In at least two cases, the group says in a court filing, "condominium units have been sold to unsuspecting owners who factually bought a condominium they cannot legally occupy... Rather than help resolve the situation, the association has tried to silence the petitioners, ignored the problems, or given false information."

STORY: A Sandy headache that won't go away

Glasscock's ruling this week, denying a preliminary injunction sought by the condo association, is far from the last word in the overall lawsuit. The disgruntled owners filed suit in October 2015, three years after Sandy soaked the Delaware coast. In the storm, four 6-unit buildings saw close to a foot of water intrude on their ground floors.

Because Mallard Lakes had filed three claims with the National Flood Insurance Program in the past even before it submitted a claim for the Sandy damage, the federally-run NFIP insisted the affected buildings had to be raised — in some cases, only by about 4 inches — to qualify for occupancy certificates. Since then, the condo unit owners and the association haven't been able to agree on how the cost of that building elevation should be divvied up.

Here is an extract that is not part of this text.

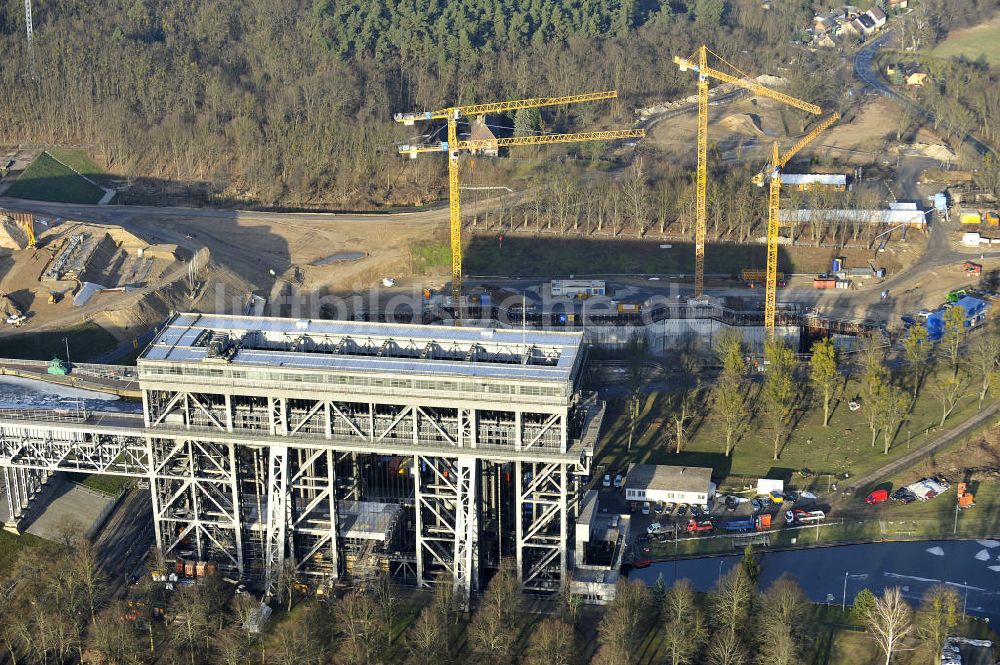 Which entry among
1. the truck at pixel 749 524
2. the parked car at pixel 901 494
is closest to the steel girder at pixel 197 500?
the truck at pixel 749 524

"The association doesn't oppose the elevation of those buildings," said Chad Toms, an attorney representing the Mallard Lakes condo association. "The problem is, these owners want the entire community to pay for it. Our governing documents say these owners should pay for it. It's a stark contrast. There were solutions, but these particular plaintiffs and the litigation choices they've made have foreclosed those options."

STORY: FEMA spurns Mallard Lakes Sandy grant bid

The upset owners, meanwhile, say they're glad Glasscock declined to force their silence in public about the dispute.

"Mallard Lakes board members have chosen to spend everyone's condo dues on legal fees such as this indefensible attempt to stifle our constitutional right to free speech," Melissa Golden, a Pennsylvania resident who owns one of the damaged condos. "Mallard Lakes HOA's time and resources should be dedicated to resolving the very serious issues of Sandy victims who have no certificates of occupancy."

The costs of rising the units
The attorney for the condo corporation responds that only the members who own the affected units in those four buildings are financially responsible for the cost of elevating their buildings.

Instead of spreading out the estimated price tag among 477 units, it should be divided among the 24 units.

If all units were to contribute, all owners would need to pay a $4,000 per unit special assessment. If only 24 units must bear the cost, each unit owner would have to come up with $79,500 which is approximately 40% of the value of their homes.